Are inocendce is forever lost .One thing that hit me hard was being to afraid to take the kids out trick or treating , and thinking the baby will never know what life was like before 9/11 .I am VERY mad at these slim .I am standing behind are men and woman fighting for are freedom and praying that some day things will be back to normal.I moved my family to the country to be safer from the city .Now where do I move ?

-- Patty {NY State} (fodfarms@slic.com), November 11, 2001.

Melissa, It's strange, but I've found the opposite to be true. The little things that used to aggravate me haven't as much since then. I've really been able to focus on the important stuff and tell my family and friends how much I care about them. I am more forgiving and trying to align my life better. We can't control the world, but we can try to do what we can in our little corner of it.

-- Ann Markson (tngreenacres@hotmail.com), November 11, 2001.

I treat each day as it is a gift from God. Enjoy the little things and treat each person as you want to be treated. It is so sad that it took this kind of tragedy to make people aware of how they treat others. On the other hand, I am scared when I get the mail, when I see crop duster and low flying planes. I still see the fighter jets in the air,just not as many or as close.Love like there is no tomorrow.God Bless

-- Micheale from SE Kansas (mbfrye@totelcsi.net), November 11, 2001.

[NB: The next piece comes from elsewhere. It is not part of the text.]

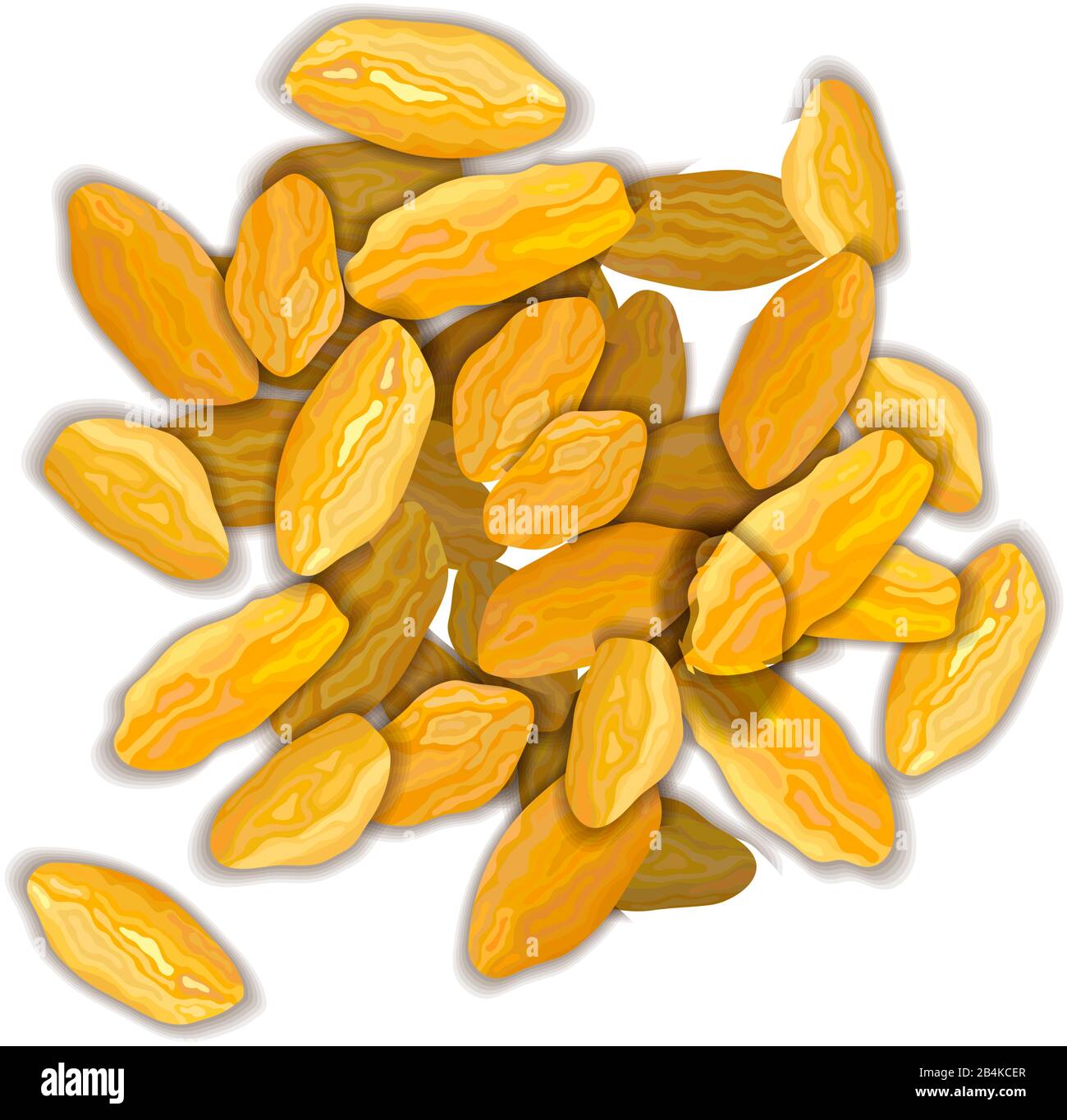 Dried dark raisins on a white background vector illustration Stock Vector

I tend to agree more with Ann's view. I was a pretty tolerant person before but think I' even more so now. I've seen that more in others, too. More people holding doors for one another. More acknowledgments from strangers on the street or in stores. I've seen some positive changes in people in the past sixty days.

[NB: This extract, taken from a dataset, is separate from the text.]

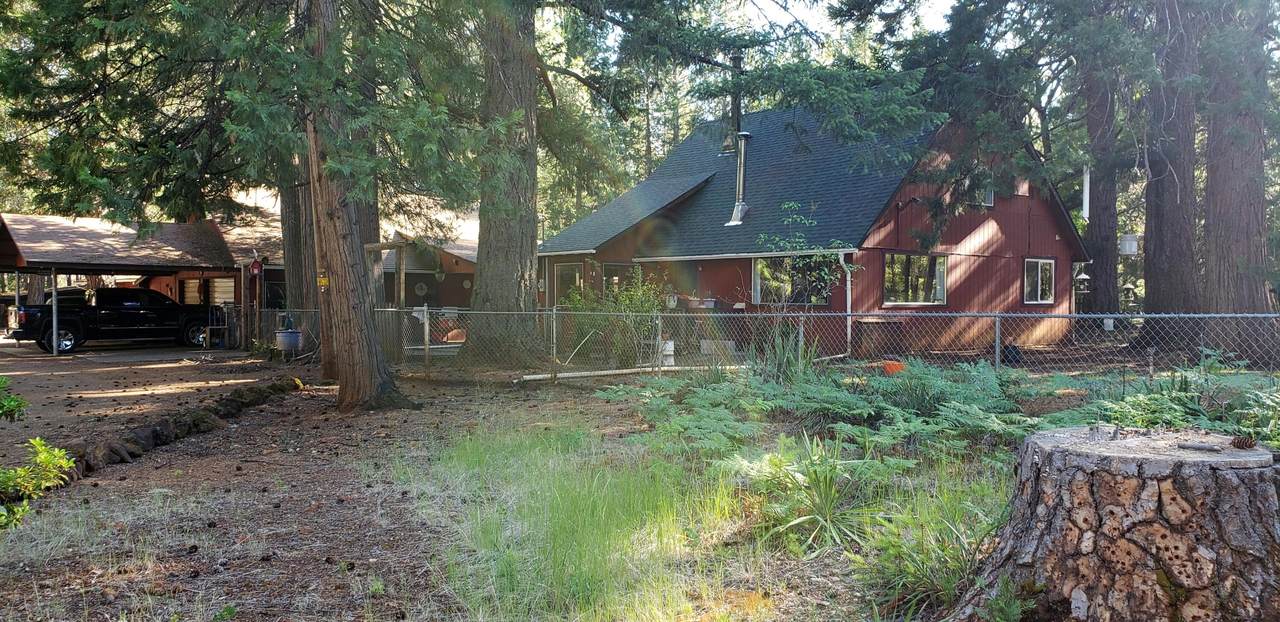 1200 Rough And Ready Creek Road - Photo 1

Personally, as far as day-to-day living goes it's been pretty much business as usual. I don't worry about opening my mail. I don't worry about flying other than having to change my habit of arriving at the last possible minute (and thus having to get up earlier). My partner in one business flies far more than I do and has said overall it's not been too bad for him, either.

I don't know that I'm "complacent" about what happened. I am, however, realistic. I feel there's very little I can do in my little corner of Indiana about what's going on in a cave half a world away. I can support my president. I can get up in the morning and go to work and make a living and pay taxes to support our nation's efforts against terrorism. So, as I said, for me for the most part it's kind of "business as usual" or as near to usual as I can have it.

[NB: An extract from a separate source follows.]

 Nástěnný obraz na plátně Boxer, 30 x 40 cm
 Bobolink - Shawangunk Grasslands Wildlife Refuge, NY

-- Gary in Indiana (gk6854@aol.com), November 11, 2001.


I don't think I potrayed what I meant to say!! I am not an intolerant person at all. Probably exactly the opposite...I was mostly thinking of people who get upset when their soap operas aren't on because they break in with special news coverage, people who want things to get back to "normal", people who don't even seem to care or realize what happened. I guess I ama little "dismayed" that they don't care a little more. Then I realize that every person deals with grief and tragedies differently. These are thoughts inside my head, they certainly don't translate to my actions, as I am truly a kind and understanding person. That is what, I guess, I was trying to say.

-- Melissa (me@home.net), November 12, 2001.


I'm not sure that I have changed anything, I just try to be a little more aware of my surroundings without being suspicious. We've had several arrests in this area relating to 9/11. My children, who were with a friend, witnessed a "bust" just last week. About 30 police cars were sent to a local motel. The owner and workers are suspected of having ties to Al Queada. I wish I had been with my kids, but my friend did a good job of making sure they weren't scared.